The former officials’ guest column comes as legislators in the state launch a bipartisan effort to repeal Ohio’s death penalty. They join former Ohio Supreme Court Justice Paul Pfeifer, who, as Chairman of the Ohio Senate Judiciary Chairman in 1981 was a principal architect of Ohio’s death-penalty statute, in calling for its abolition.

Taft, Petro, and Fisher address and rebut the arguments frequently advanced in support of the death penalty. First, they write, “[d]eath is not a superior deterrent.” They note that the National Academy of Sciences, after reviewing all the studies, found no credible evidence that the death penalty is a deterrent and, they add, “chiefs of police agree that other less-costly measures are far more effective at reducing violent crime.”

They also respond to the contention that the death penalty provides a service for family members of murder victims. “We have learned that the death penalty does not support the families of murder victims, but instead prolongs their pain and impairs the healing process,” they write. Far from aiding family members, they write, capital punishment “diverts funds that could and should go to true support services, including grief counseling, mental health services and financial support; and to investigative efforts that solve the crimes that damaged other victims’ families.”

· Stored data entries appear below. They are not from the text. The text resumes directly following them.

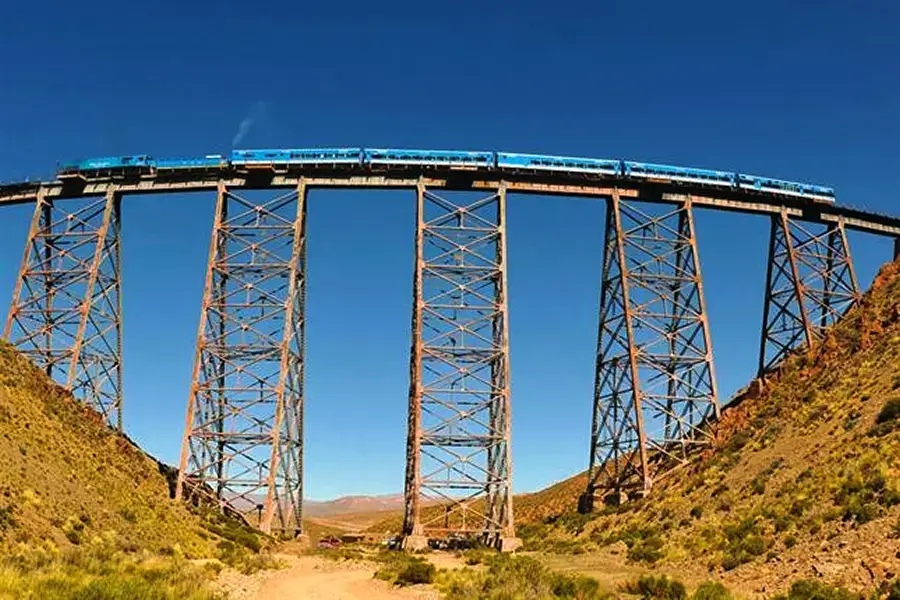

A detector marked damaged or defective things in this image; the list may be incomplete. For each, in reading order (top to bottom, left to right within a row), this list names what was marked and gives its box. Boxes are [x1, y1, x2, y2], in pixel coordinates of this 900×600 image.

rusty metal truss [4, 190, 123, 428]
rusty metal truss [176, 182, 306, 536]
rusty metal truss [400, 182, 512, 548]
rusty metal truss [580, 191, 720, 506]
rusty metal truss [756, 211, 860, 376]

Taft, Petro, and Fisher also argue that Ohio’s administration of the death penalty fails to protect the innocent. “We have learned that our death penalty system convicts and nearly executes the innocent,” they write. “For every six Ohioans we have executed under the 1981 law, one innocent Ohioan has languished on death row.”

The three also observe that Ohio’s death penalty is tainted by racial discrimination and geographical arbitrariness. “[T]he death penalty is not applied fairly,” they write, and “race and place play an intolerable role in deciding who lives and who dies.”

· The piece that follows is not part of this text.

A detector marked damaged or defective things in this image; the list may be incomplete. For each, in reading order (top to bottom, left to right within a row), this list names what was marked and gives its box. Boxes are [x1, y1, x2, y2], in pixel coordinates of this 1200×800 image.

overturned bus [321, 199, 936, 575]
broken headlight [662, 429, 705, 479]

The authors also rebut the myth that the death penalty is cheaper than the state’s life-sentencing alternative. “[T]he death penalty costs far more than our other option of life imprisonment without parole,” they explain. “The Ohio Legislative Service Commission has reported that the total amount expended in a capital case is between 2.5 and 5 times as much as a non-capital life without parole case, and that in some states a capital case exceeds the cost of a life imprisonment case by $1 million to $3 million per case.” Even if it worked, they write, “the death penalty may well be a luxury we can no longer afford.”

Finally, the three officials note that public sentiment towards capital punishment has changed, just as their views, too, have evolved. “We believed [the death penalty] was what Ohioans wanted, and we were right about that then, but forty years later, we are no longer,” they write. Seeing that 59% of Ohioans, “[a] strong bipartisan majority … now support replacing the death penalty with life in prison without parole,” the former Governor and attorneys general agree, “It is time to retire Ohio’s death penalty.”


Lee Fisher, Robert Taft, and Jim Petro, Former gov­er­nor, attor­neys gen­er­al: Ohio death penal­ty bro­ken, cost­ly and unjust. It must be repealed., The Columbus Dispatch, March 92021.